### DATA SHOWN
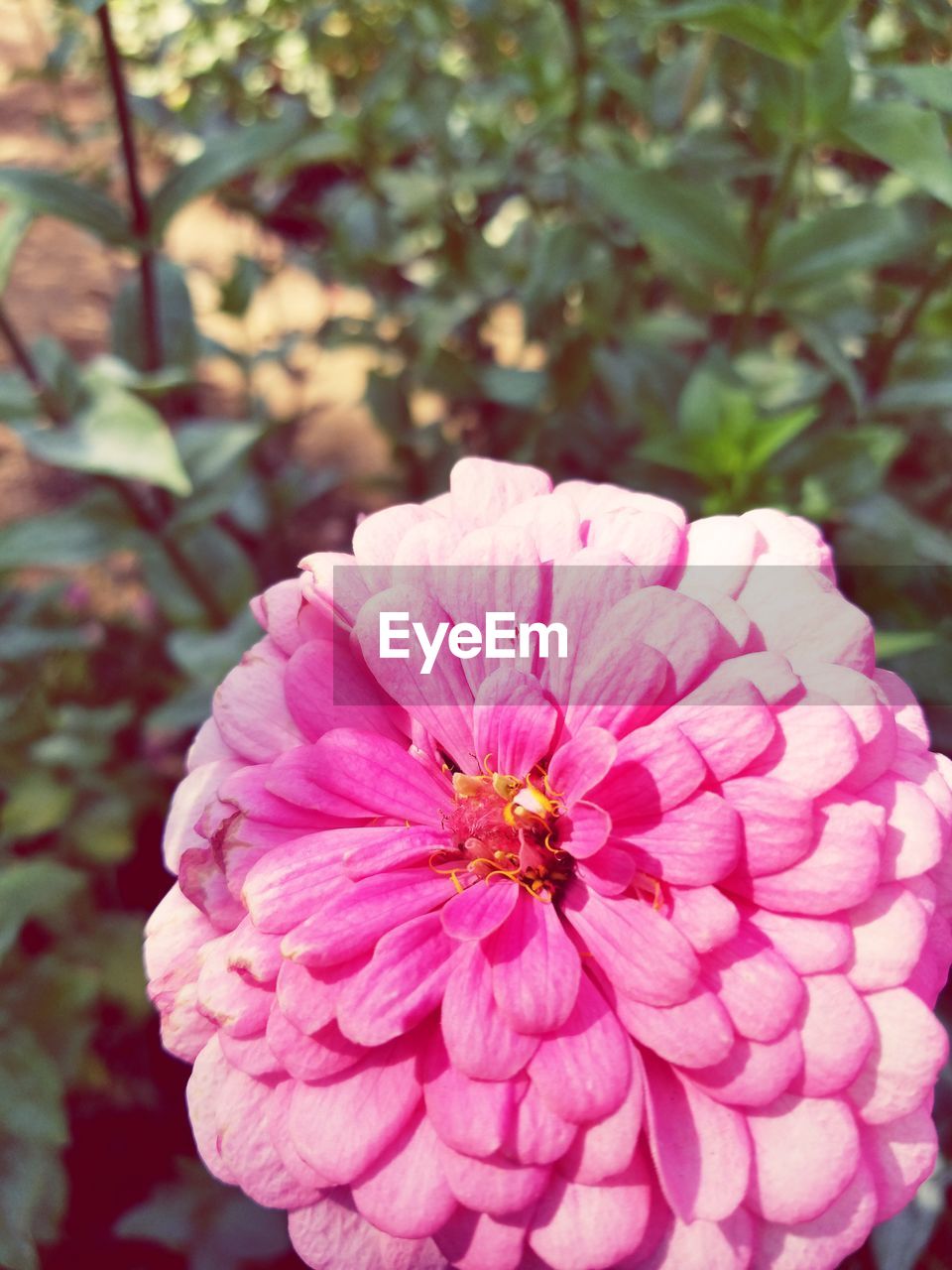 CLOSE-UP OF BUMBLEBEE ON PINK FLOWER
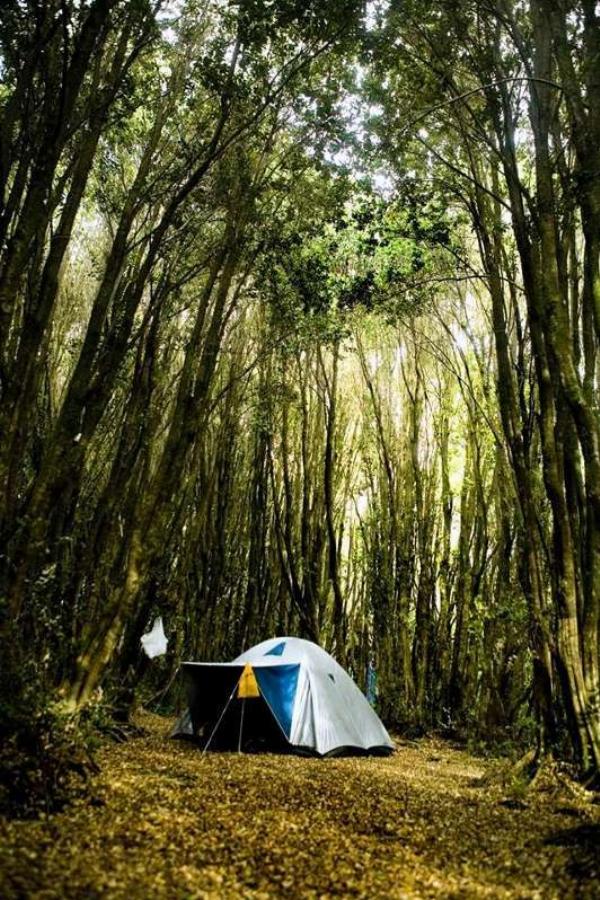 Foto de Camping Refugio Patagónico - El Bolsón en Camping Refugio Patagónico, Pastorino, El Bolsón, Río Negro, Argentina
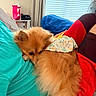 Stella is registered to the contest to win money with this photo: dog, fluffy, bandana, couch, person, turquoise_shirt, red_leggings, black_pattern, indoor, window_blinds, fan, snuggling, cozy, relaxing, fur, resting, comfort, home, pet, animal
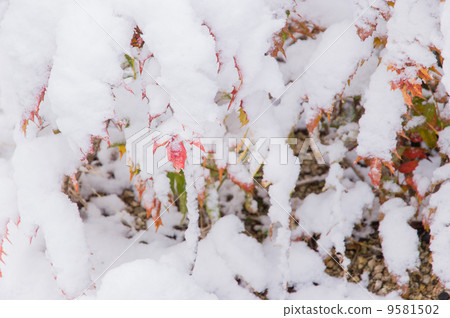 在多雪的天南部的天空的霍莉 9581502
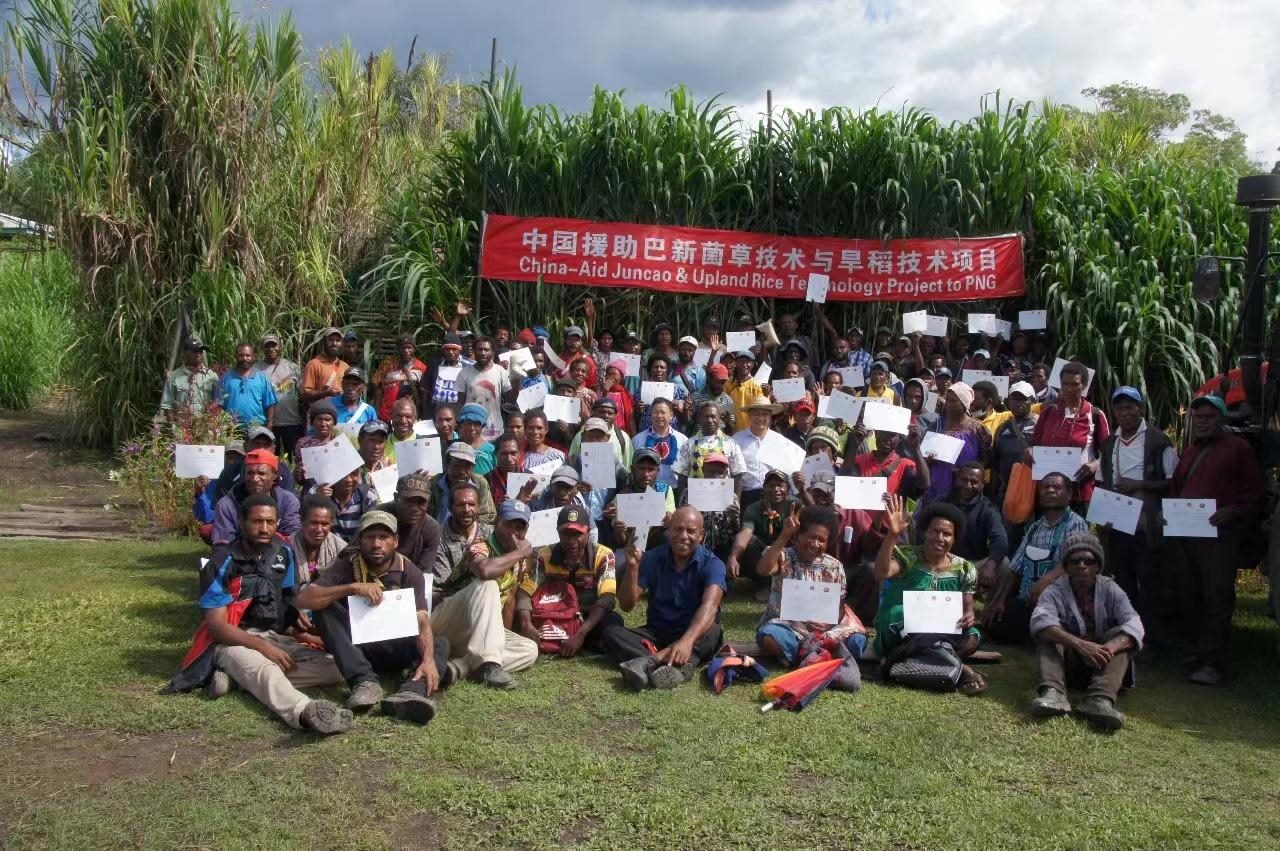 △2020年12月17日，在巴布亞新幾內(nèi)亞?wèn)|高地省，參加中國(guó)援助巴新菌草和旱稻技術(shù)項(xiàng)目第9期培訓(xùn)班的當(dāng)?shù)孛癖娬故窘Y(jié)業(yè)證書(shū)。
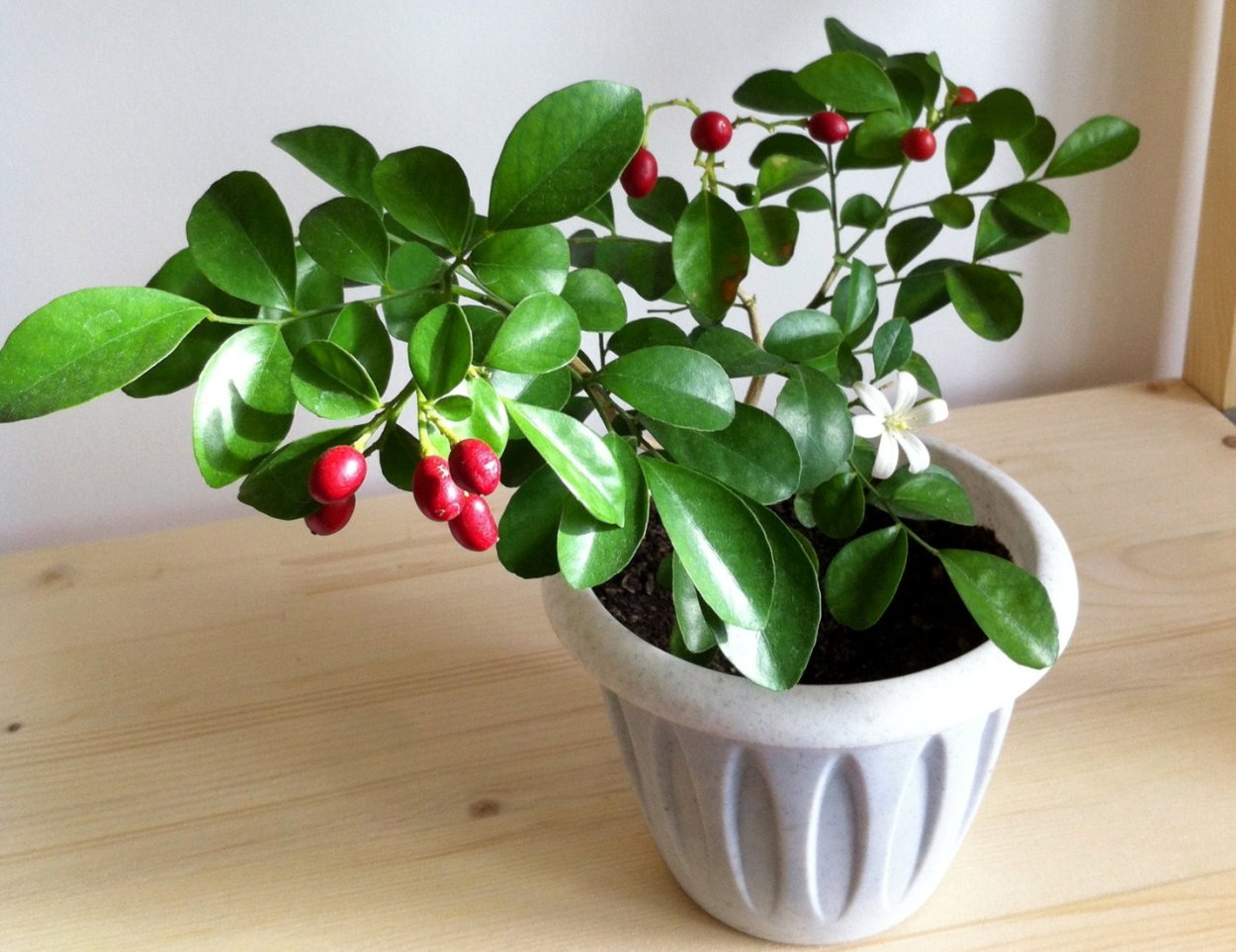 Мурайя цветок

### WORK TO BE COMPLETED
Print each line from the one containing "Foto de Camping" through the last line of the listing, both included, exactly and with no pictures.

### RESULT OF THE EXERCISE
 Foto de Camping Refugio Patagónico - El Bolsón en Camping Refugio Patagónico, Pastorino, El Bolsón, Río Negro, Argentina
 Stella is registered to the contest to win money with this photo: dog, fluffy, bandana, couch, person, turquoise_shirt, red_leggings, black_pattern, indoor, window_blinds, fan, snuggling, cozy, relaxing, fur, resting, comfort, home, pet, animal
 在多雪的天南部的天空的霍莉 9581502
 △2020年12月17日，在巴布亞新幾內(nèi)亞?wèn)|高地省，參加中國(guó)援助巴新菌草和旱稻技術(shù)項(xiàng)目第9期培訓(xùn)班的當(dāng)?shù)孛癖娬故窘Y(jié)業(yè)證書(shū)。
 Мурайя цветок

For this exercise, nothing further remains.